Contents:
Writing an outline
Writing up the results
Dealing with unpredictable, messy, incomplete, or ambiguous data
Special Case:Interpreting and Analyzing Survey Data

UP504 (Campbell)
Winter 2008
University of Michigan
last updated: January 27, 2008

 

Advice for Final Project (and more broadly, for the design and interpretation of quantitative research projects):
 

Writing an outline:

  1. Overall be  precise and rigorous in your outlines.    Think it through:  what type of evidence and tests do you need to test your hypothesis?
  2. Focus specifically on methodology.  What are the actual steps to do the research?  
  3. Remember that there is a difference between an overall theory or policy question (e.g., Is sustainable development an important goal for urban planning?) and a precise, testable question that you can actually answer in this project (e.g., What types of large U.S. cities are more likely to have an official, municipal "office of sustainable development"?).
  4. Can you actually test your hypothesis using UP504-like methods? Are your hypotheses falsifiable? (Remember that your hypotheses should directly follow from your research question: a hypothesis is an intelligent "best guess" answer to your research question.) Avoid weak hypotheses (e.g., Do poor people earn less money than rich people?).
  5. Are your methods, data and research question compatible? You may have good methods, a nice data set and interesting research questions, but will they work together? This is a critical aspect of your research project, and may require a mid-project adjustment of your question, data set and/or methodology to bring them in harmony with each other.
  6. Narrow your focus.  Ironically, if you take on a more narrow project you can answer broader questions in the end.
  7. Is your unit of analysis appropriate? Sometimes your units of analysis are too aggregated (e.g., using national-level data when city or individual data is better).   One problematic result is an ecological fallacy.
  8. Do you have enough cases? (The number of needed cases will vary, based on: whether you are using analytical or statistical generalization; the level of confidence you seek; the number and size of subgroups within the data set of interest; etc.) Avoid the temptation of reducing the number of cases just because you think it might save work time. (Often it would take little more time to collect data on, e.g., 200 cities as on just 25 cities. There are scale economies in most data collection.)
  9. Is your data from the right years?
  10. Can you actually find the data?
  11. Can you find good measures of your larger concepts? (Think carefully about the various ways to measure your broader concept. do not conflate a concept with its measure.) see lecture notes.
  12. If you are doing evaluation research, be sure to identify the counterfactual -- what would have happened WITHOUT the intervention?
  13. If you propose doing a regression model, be sure to remember the strengths and limitations of the technique.  It is NOT a "do-all" method, but instead calculates the strength and coefficients of linear relationships.   It is also quite sensitive to whether or not the key assumptions of regression analysis have been met.  Be careful also of an under-specified model:  are you really controlling for all critical factors (e.g., often models of change over time don't take into account demographic compositional change, i.e., that a population age structure has changed, leading to changes in crime rate, home ownership, etc.)?
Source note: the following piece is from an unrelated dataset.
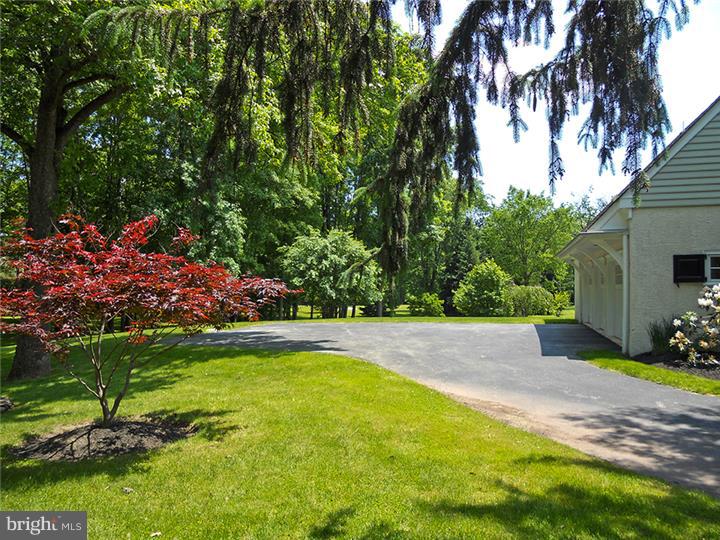 504 Plymouth Road Ambler, PA 19002 - Photo 14 of 15 Side Yard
More basically: do have have the basic elements to do regression (e.g., multivariate, interval scale dependent variable, large number of cases, etc.)? If your dependent variable is nominal, then you will need to consider alternate methods, such as logistic regression.
  14. If your regression dependent variable consists of values across time (e.g., housing starts from 1970 - 1995;  or monthly unemployment rates over the last ten years), then this is time series analysis, which merits a look at a statistics book on this variation of regression.
  15. Sometimes you need to back off from looking for a causal model and instead be more exploratory or descriptive, looking for patterns and typologies. Be clear of the nature of the relationship between variables: are you simply pointing out a correlation between two or more variables, or are you also arguing for a specific causal relationship?
  16. Group project are fine, and can be especially rewarding.   I expect that the amount of work put into a group project is proportional to the number of group members.
     


Writing up the results of quantitative research

  1. Make your methodology and your results transparent; let the reader easily see the steps involved.
  2. Help the reader understand the broader context of the research. Why is the research question important? What are the ramifications of the various possible empirical outcomes of the research?
  3. Discuss any potentially significant discretionary methodological choices you made: e.g., the logic of the case selection; excluded outliers; time frame used (i.e., years of data); selection of variables; use of measures to represent broader concepts; etc.
  4. To summarize your findings, distinguish between these different outcomes:
    (a) Findings that confirm the current understanding of the issue [replication of existing theories/assumptions]
    (b) Findings that support your hypothesis and perhaps go against the prevailing understanding/assumptions [this is your intended original contribution]
    (c) Findings that do not support your hypothesis for interesting and explainable reasons [this can be your unexpected but still useful contribution]
    (d) Findings that do not support your hypothesis for unexplainable reasons [this sets your research agenda for the future and keeps you humble]
  5. Note the statistical significance(or lack thereof) where appropriate.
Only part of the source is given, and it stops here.